=== Records to use ===

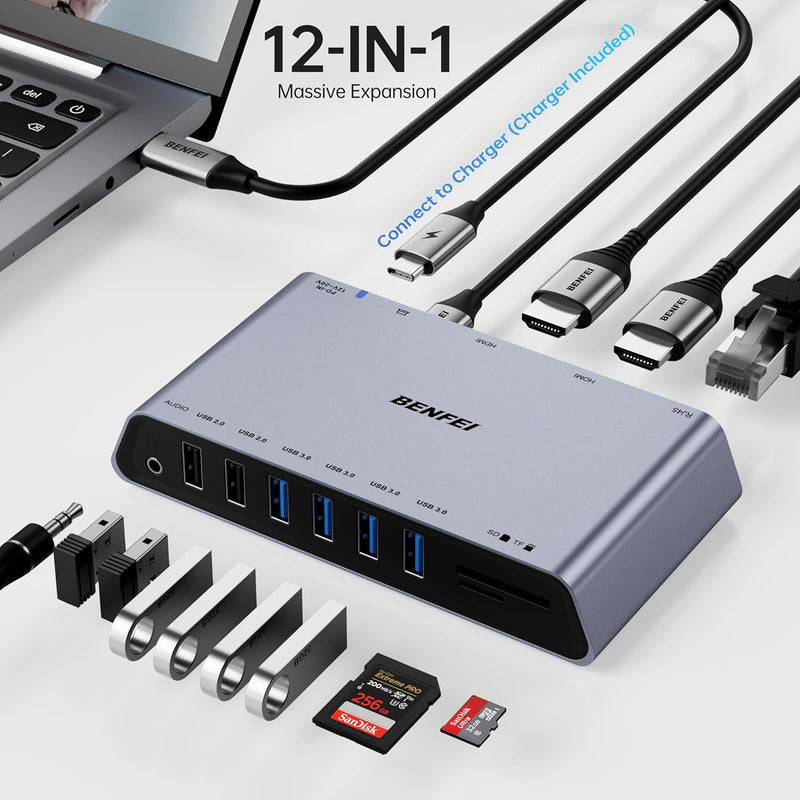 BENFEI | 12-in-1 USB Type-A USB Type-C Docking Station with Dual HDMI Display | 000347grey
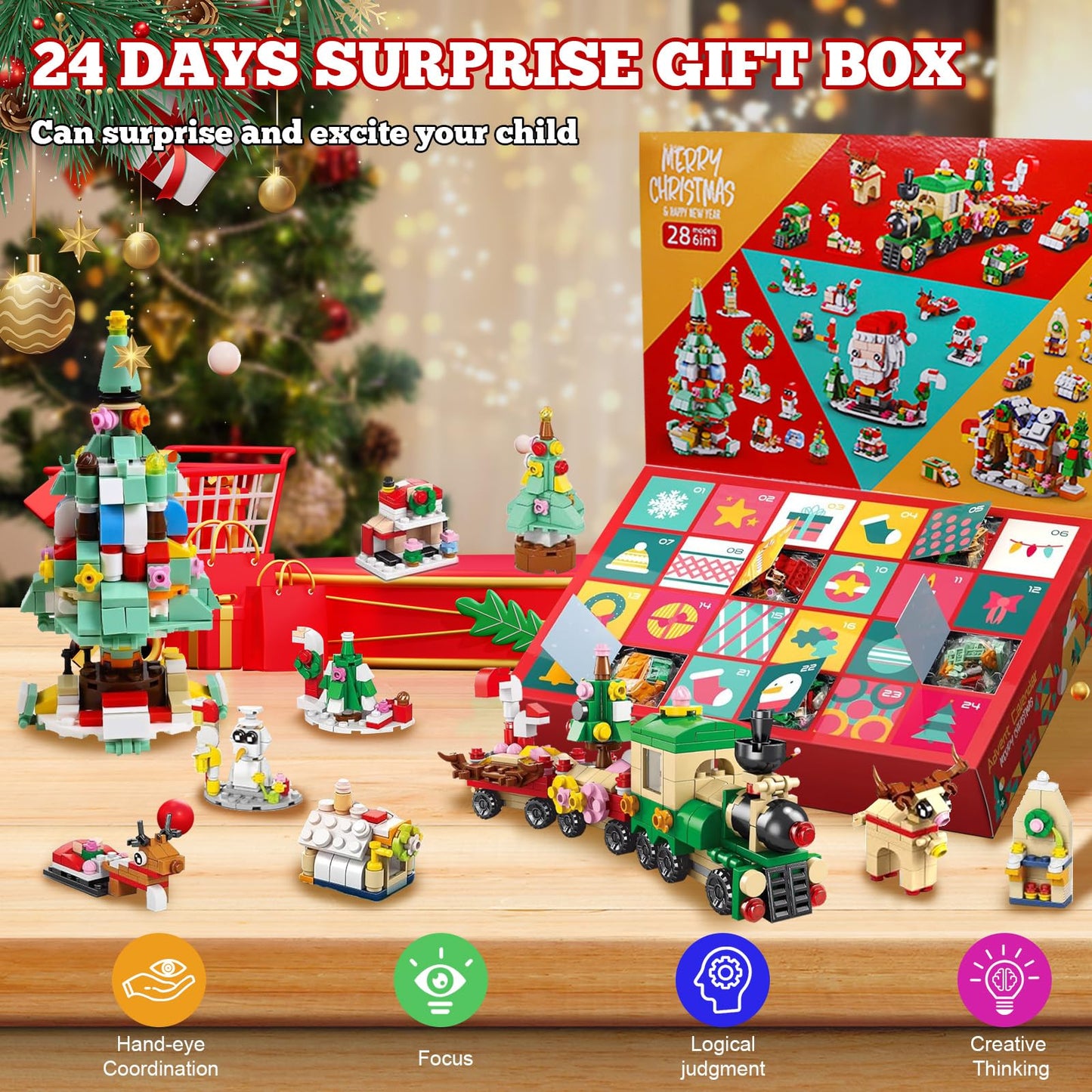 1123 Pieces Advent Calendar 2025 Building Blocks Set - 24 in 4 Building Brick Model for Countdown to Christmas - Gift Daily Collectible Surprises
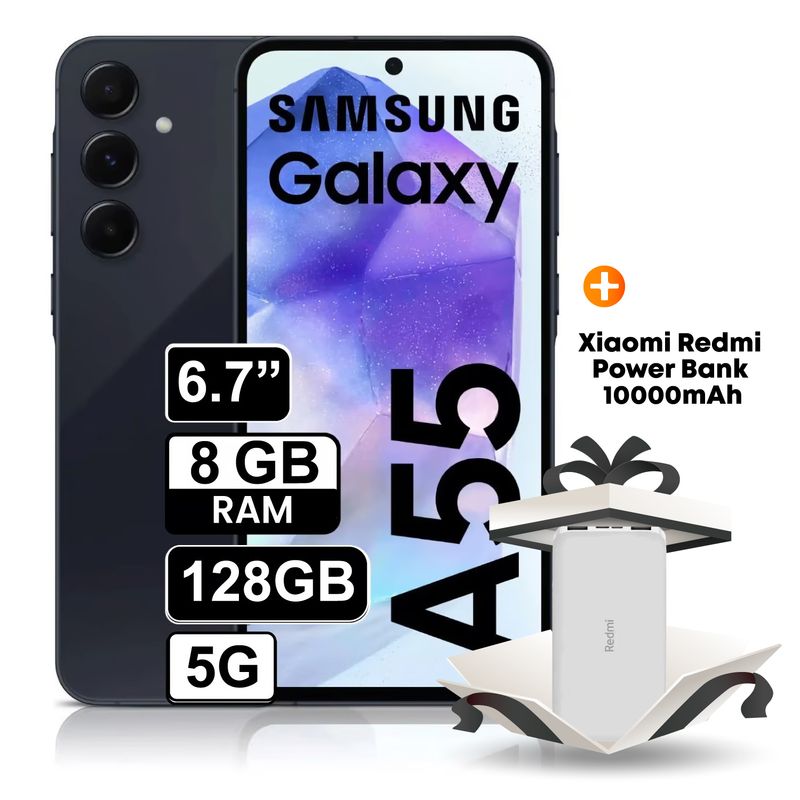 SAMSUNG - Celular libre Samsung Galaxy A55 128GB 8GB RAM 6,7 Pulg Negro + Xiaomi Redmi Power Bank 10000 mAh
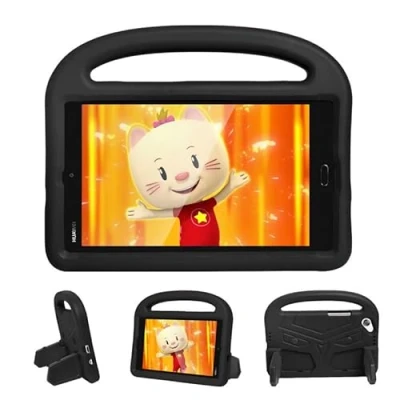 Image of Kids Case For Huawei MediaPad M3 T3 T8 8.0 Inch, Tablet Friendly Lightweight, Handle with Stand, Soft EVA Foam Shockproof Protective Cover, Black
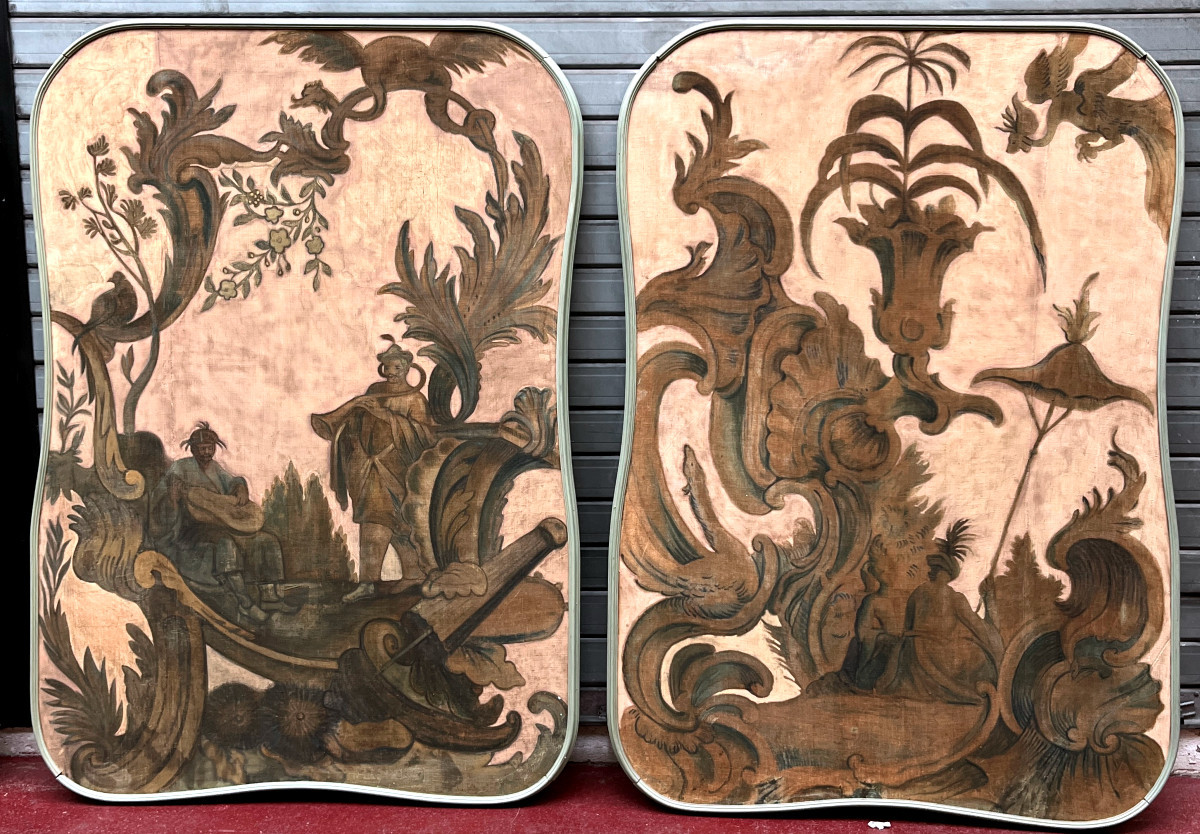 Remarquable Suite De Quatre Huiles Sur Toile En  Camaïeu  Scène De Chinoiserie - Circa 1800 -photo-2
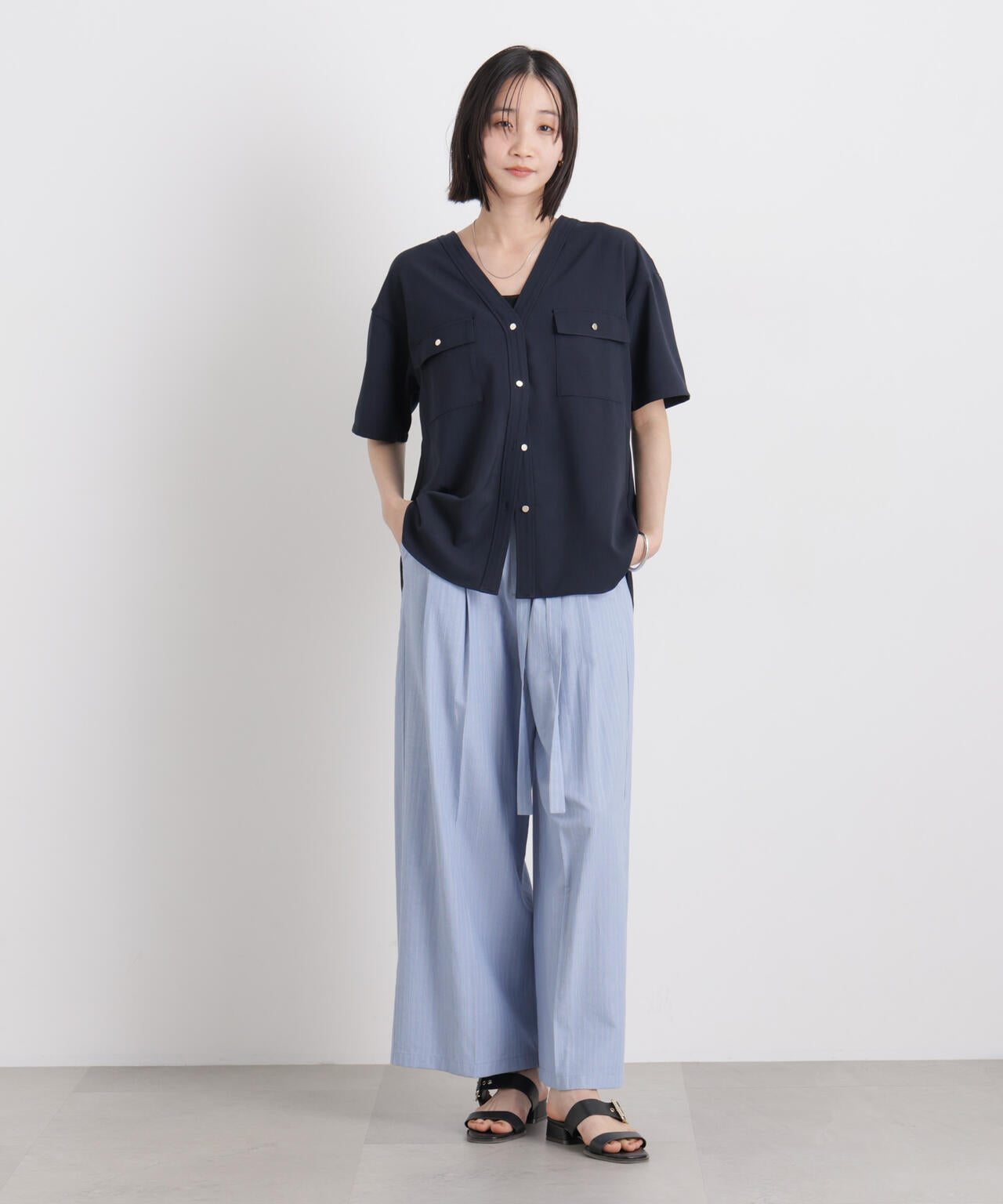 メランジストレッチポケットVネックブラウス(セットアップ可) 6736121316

===

▶ Exercise details
Do not include pictures. Copy only the lines running from the line with "1123 Pieces Advent" through the last line of the records, exactly as they appear.

▶ Answer space
 1123 Pieces Advent Calendar 2025 Building Blocks Set - 24 in 4 Building Brick Model for Countdown to Christmas - Gift Daily Collectible Surprises
 SAMSUNG - Celular libre Samsung Galaxy A55 128GB 8GB RAM 6,7 Pulg Negro + Xiaomi Redmi Power Bank 10000 mAh
 Image of Kids Case For Huawei MediaPad M3 T3 T8 8.0 Inch, Tablet Friendly Lightweight, Handle with Stand, Soft EVA Foam Shockproof Protective Cover, Black
 Remarquable Suite De Quatre Huiles Sur Toile En  Camaïeu  Scène De Chinoiserie - Circa 1800 -photo-2
 メランジストレッチポケットVネックブラウス(セットアップ可) 6736121316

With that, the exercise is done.